DATA EXCERPT:
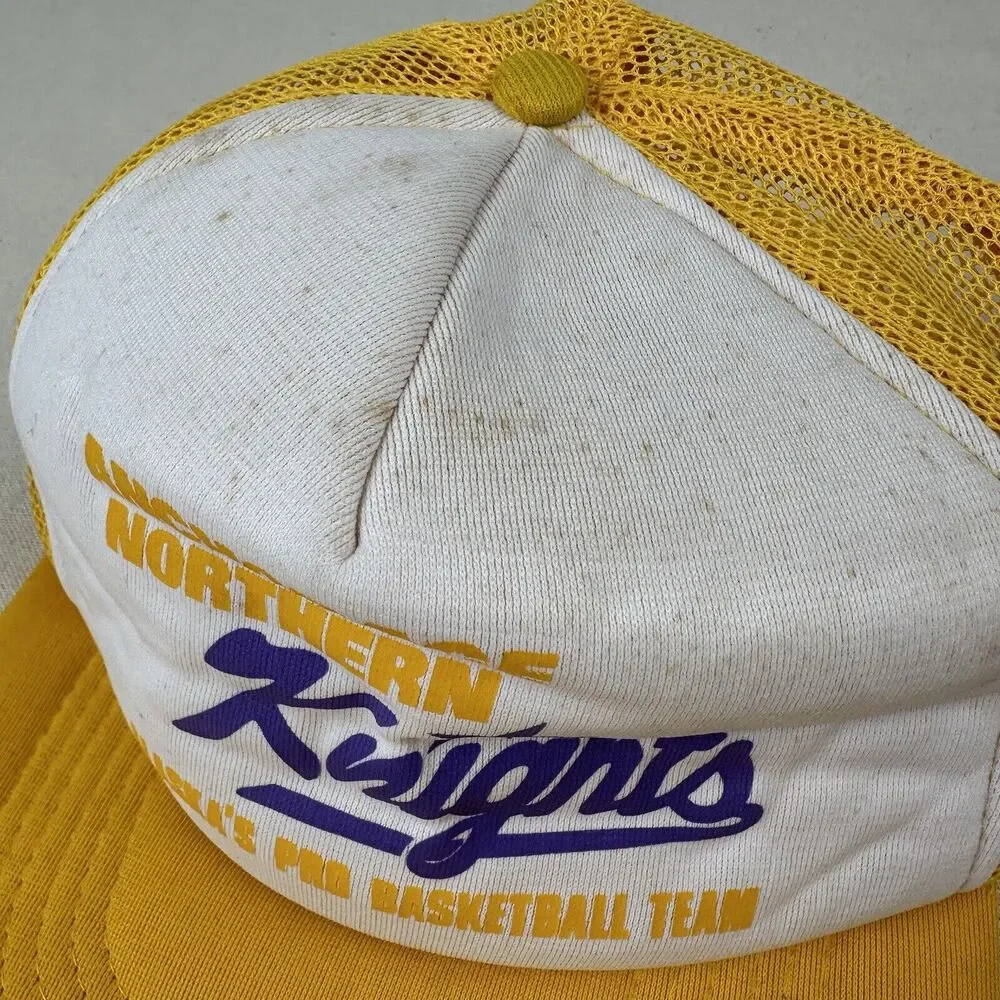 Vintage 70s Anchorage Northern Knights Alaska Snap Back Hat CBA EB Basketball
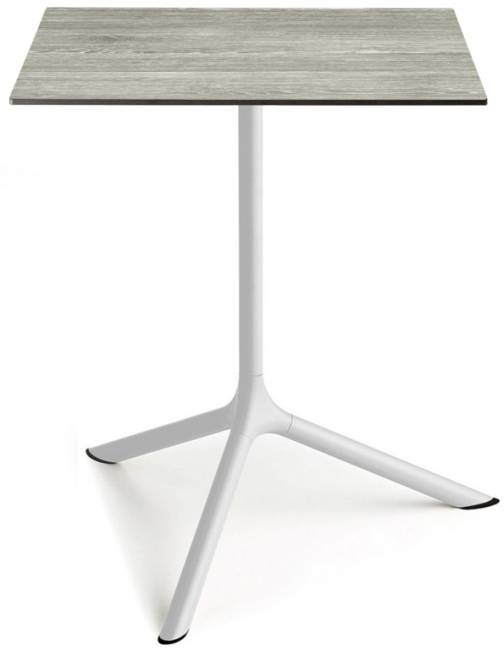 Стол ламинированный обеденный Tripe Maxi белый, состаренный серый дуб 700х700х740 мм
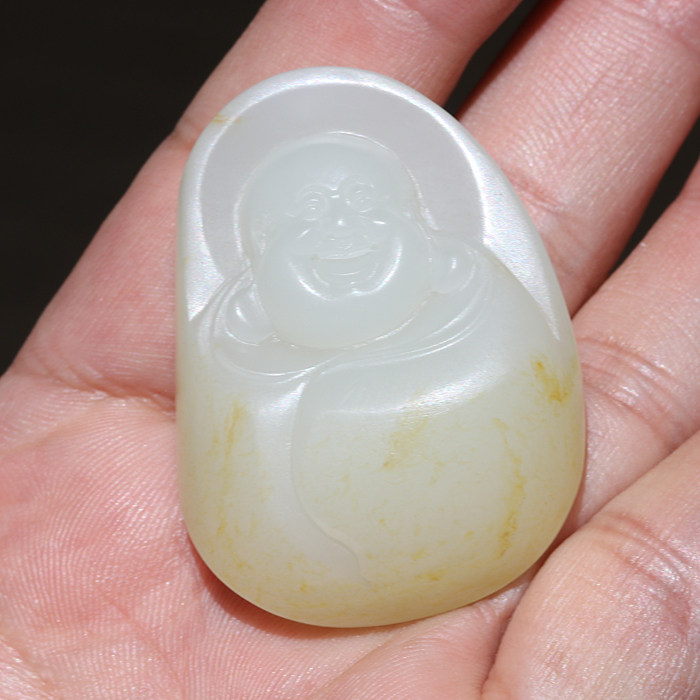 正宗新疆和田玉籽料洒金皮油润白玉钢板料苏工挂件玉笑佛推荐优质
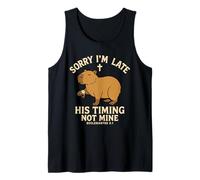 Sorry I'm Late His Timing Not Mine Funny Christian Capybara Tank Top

THE PROBLEM: Every line above must appear in the answer unchanged, and no picture may appear in it.

SOLUTION:
 Vintage 70s Anchorage Northern Knights Alaska Snap Back Hat CBA EB Basketball
 Стол ламинированный обеденный Tripe Maxi белый, состаренный серый дуб 700х700х740 мм
 正宗新疆和田玉籽料洒金皮油润白玉钢板料苏工挂件玉笑佛推荐优质
 Sorry I'm Late His Timing Not Mine Funny Christian Capybara Tank Top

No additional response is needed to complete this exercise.